- _Information supplied_:

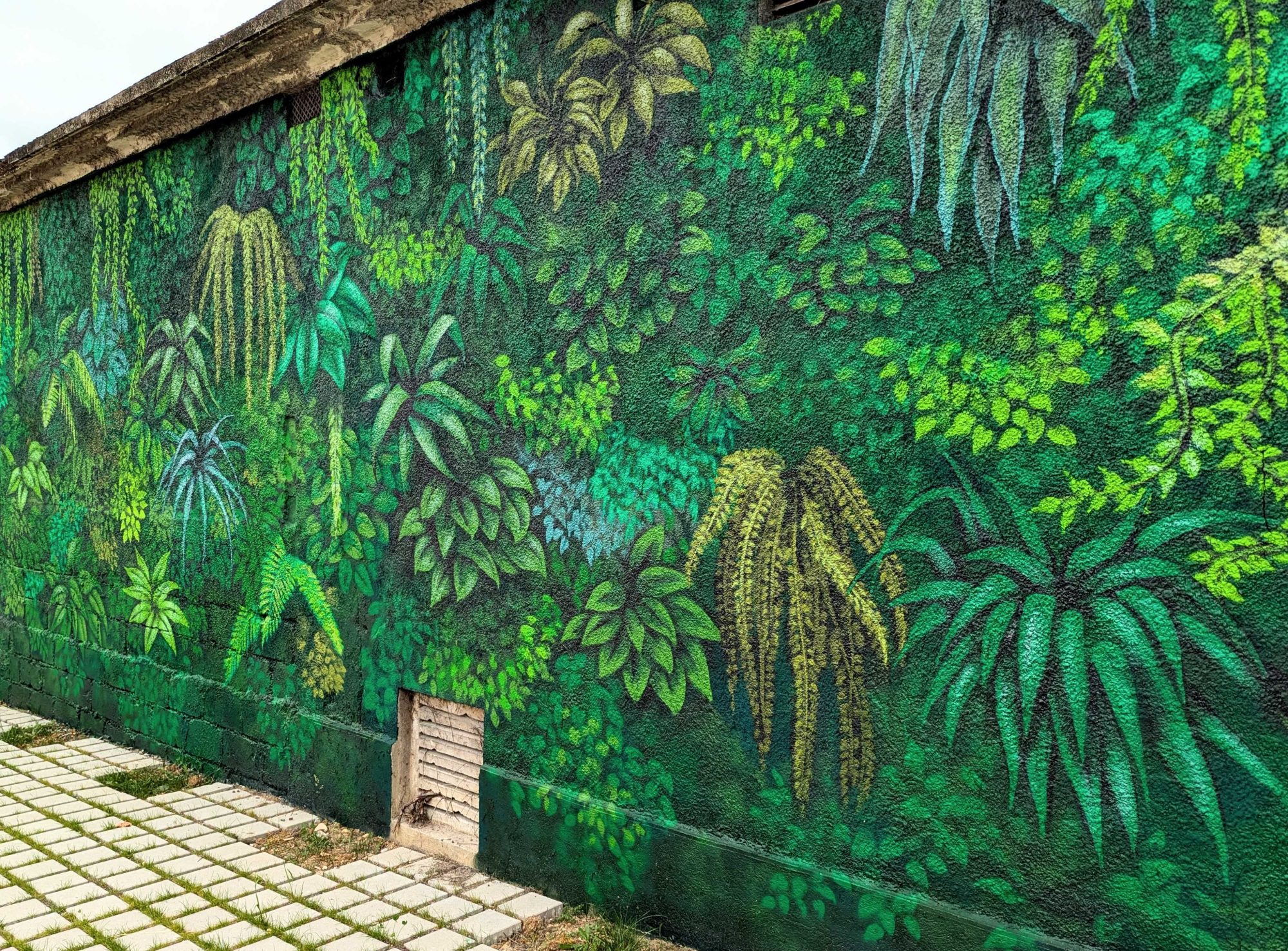 Mur-murations végétales — Street art de Disk à Bourges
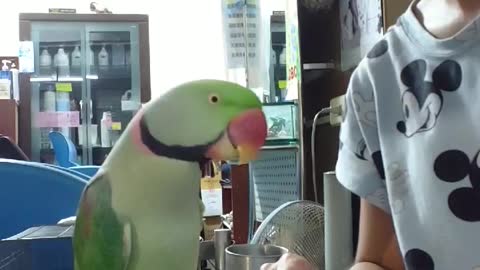 a very smart and active parrot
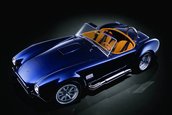 AC Roadster, un mic monstru de 800 CP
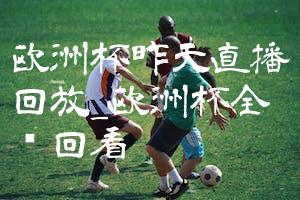 欧洲杯昨天直播回放_欧洲杯全场回看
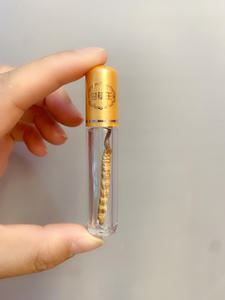 Cultivado <span class=keywords><strong>Cordyceps</strong></span> Militaris Seco Cogumelo Fresco Estilo Processamento Raw para Alimentos Saudáveis e Suplementos - Product Image 4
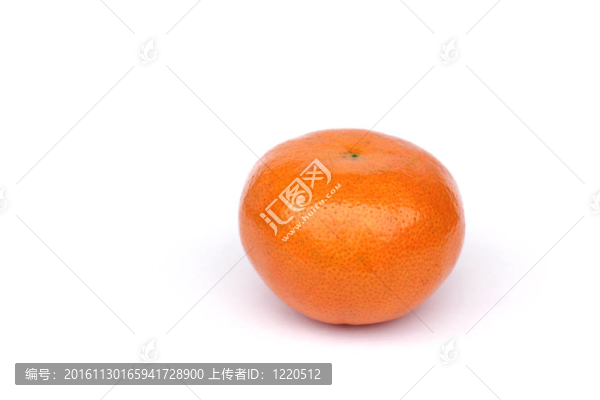 新鮮的小孤立在白色背景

- _What is being asked_:
Will you restate every entry word for word and omit the images?

- _Exercise result_:
 Mur-murations végétales — Street art de Disk à Bourges
 a very smart and active parrot
 AC Roadster, un mic monstru de 800 CP
 欧洲杯昨天直播回放_欧洲杯全场回看
 Cultivado <span class=keywords><strong>Cordyceps</strong></span> Militaris Seco Cogumelo Fresco Estilo Processamento Raw para Alimentos Saudáveis e Suplementos - Product Image 4
 新鮮的小孤立在白色背景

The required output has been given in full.